O unico problema dos servers pt e serem demasiado pekenos para o fluxo de trafego ke tem, se uma pessoa se ker ligar la pro meio da tarde e mentira, nada feito, mas e graças a isso ke existe o script para nos podermos ligar a servers internacionais e sakar nacional, visto ke montes de ppl pt esta ns servers internacionais, os servers pt sao mnto pekenos e facilmente quebram. 

Ja agora kem tiver dicas e opinioes a dar quanto a ipfilter Generator v.2.0 ke esta actualmente online em varios mirrors e é a versao mais actual ( criticas tb se aceitam)  e favor dexa-las aki para podermos melhorar ja ke neste pais as cenas ainda funcionam assim 

tks a todos  :Very Happy: 

----------

## To

O prob é tipo, eu tenho Sapo ADSL pro, e contam o inicio da ligação, para os efeitos deles, e complectamente errados, se a ligação e feita qo server internacional os tipos contam tudo como internacional, é hilariante.

Tó

----------

## mascanho

 *Quote:*   

> O prob é tipo, eu tenho Sapo ADSL pro, e contam o inicio da ligação, para os efeitos deles, e complectamente errados, se a ligação e feita qo server internacional os tipos contam tudo como internacional, é hilariante.
> 
> Tó

 

Estas a falar do facto de poderes acivar e desactivar o filtro a meio dos downloads ?

Ou seja ou sakas tudo com filtro ou sacas tudo sem filtro, e isso ?

desculpa n estou a perceber

----------

## To

Mas estás mesmo a perceber. Vou ver se me consigo explicar melhor.

A netcabo tem o processo de happy hours, e não conta o tráfego entre a 1h-7h.

A Sapo também anda com essa promoção para os clientes. Mas o facto é que eles não estão preparados para isso. Como tal eles contam cada ligação desde a sua hora de inicio até ser terminada. O que quer dizer que se te ligares a um server às 0:59h até às 7h eles contam tudo como trafego "contável" mas se te ligares às 1:01h até às 10:00h por ex nada conta. É esquesito mas pronto....
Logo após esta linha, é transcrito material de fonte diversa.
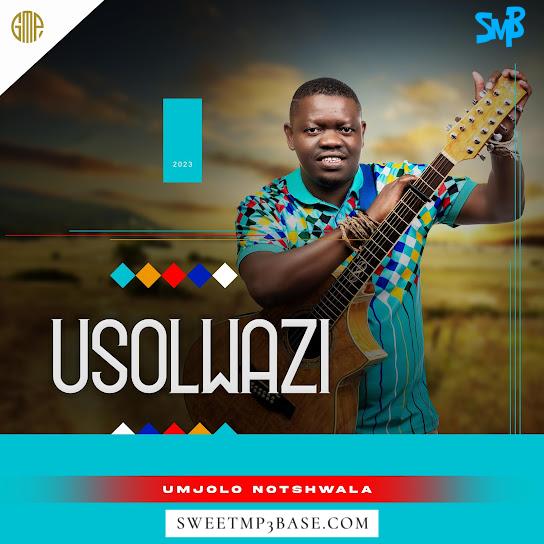 USolwazi – Umjolo Notshwala ft Sne Ntuli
(Eu sei disso por me ligava antes da 1h aos servers estranjas pq estás akele tempo morto a ligar-te aos clientes e em baixo nas queues..)

Tó

----------

## mascanho

ahhh ok, agora foste mais claro, sim e normal isso acontecer, a burocracia e tanta ke da nisso, enfim e o pais em ke vivemos, mas o script do Geeko para o amule resolve isso, agora convem e teres o clock do pc bem acertado pk senao pelo beneficio da duvida acabas por esgotar ou internacional ou nacional, vivemos num pais do kem pode roubar mais ... ou seja se keres HH tens ke te ligar mesmo so pras HH...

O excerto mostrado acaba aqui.